従業員が499人以下の中小企業(MSME: Micro-, small-, and medium-sized enterprises)は、米国労働者の約10人に6人を雇用し、米国のGDPのほぼ40%を担っている。そして、その多くは小規模なままではない。実際、最近では、時価総額100億ドル以上の公開企業のかなりの割合(17%)を、中小企業から大成長した企業が占めている。つまり、米国の中小企業は経済の循環システムの一部である。中小企業が機能不全に陥れば、経済全体に悪影響が及ぶのである。

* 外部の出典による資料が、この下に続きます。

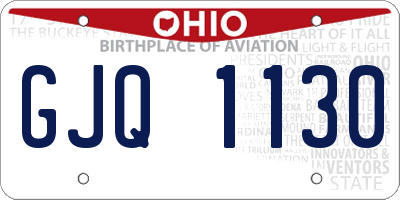 OH license plate GJQ1130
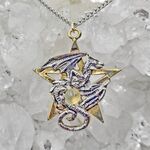 Pewter Dracogram Pentagram Pendant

フロリダ州に注目すると、2019年から2021年の間に中小企業の数は、11%という堅調なペースで増加しており、同期間における全米の中小企業の増加率6%を上回っている。しかし、マッキンゼー・アンド・カンパニーの分析によると、フロリダ州の中小企業のほぼ5分の3が、米連邦緊急事態管理庁(FEMA)が10月16日にハリケーン「ミルトン」の災害宣言を発令した34の郡に集中している。その数は190万社、従業員総数400万人、年間収益は5000億ドル以上に上る。それらの企業が壊滅的な打撃を受けた場合、その影響は州全体、さらには南東部全体にまで及ぶ可能性がある。
ノースカロライナ州も同様である。ハリケーン「ヘリーン」が襲った同州の39の郡(FEMAが10月15日に発令した災害宣言による)を拠点とする中小企業は、州内の中小企業の45%を占め、100万人以上の労働者を雇用している。人口集中地域である重要な都市アッシュビルがあり、特に被害の大きかったバンコム郡の歳入は、州の歳入のほぼ5%を占めている。

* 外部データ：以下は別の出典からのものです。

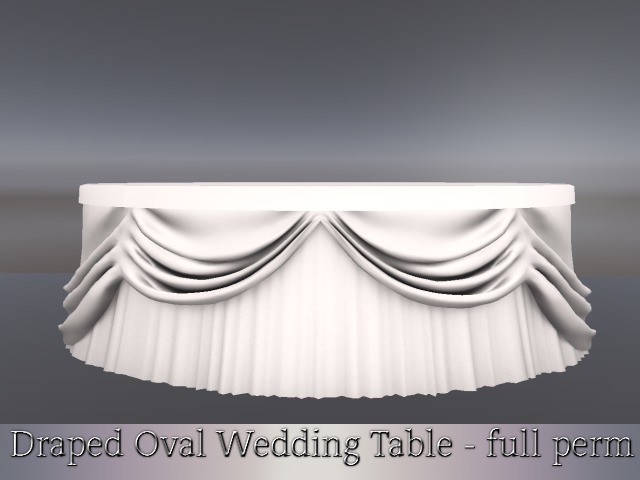 Draped Oval Wedding Table _Full Perm - Open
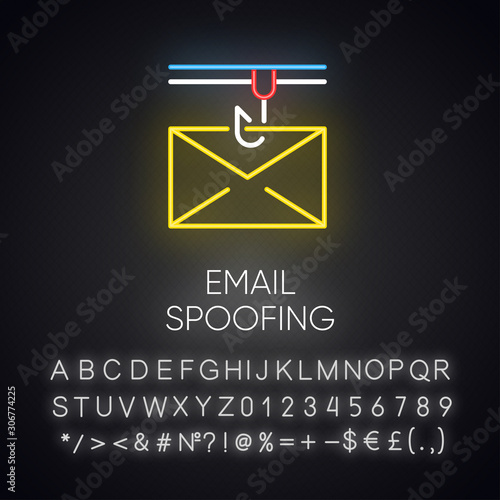 Email spoofing neon light icon. Illegitimate business. Forged sender. Online scam. Spamming. Mail phishing. Cybercrime. Glowing sign with alphabet, numbers and symbols. Vector isolated illustration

地域経済、従業員、そして地域の社会機構の維持のためにも、中小企業の立て直しは最優先事項でなければならない。連邦政府、州政府、地方自治体はすでにこのことを考えている。そして多くの米国人がみずからの時間、資金、専門知識を被災企業のために提供している。コロナ禍の最中と同じように、今後数カ月間、個人が力を尽くして地元企業を支援することは間違いない。
しかし、企業には企業ならではの重要な役割がある。たとえば以下のようなことである。
得意分野で協力する
ビジネスリーダーが精通しているのは、災害救援ではなく、ビジネスである。そこで、つき合いの深い中小企業などの事業継続を支援するために、ビジネスとして何ができるかを考えてみよう。たとえば、中小企業の多くは大手企業のサプライチェーンに組み込まれており、事業継続には、資金、人材、リソースの面で支援が必要になる。
中小企業といっても、業種によってニーズは異なるが、大手の顧客やパートナーであるため、リーダーはそのニーズをよく理解している。その企業に合った適切かつ迅速な支援を提供できる立場にある。その目的は、政府による支援に取って代わることではなく、中小企業が一刻も早く立ち直れるよう支援することである。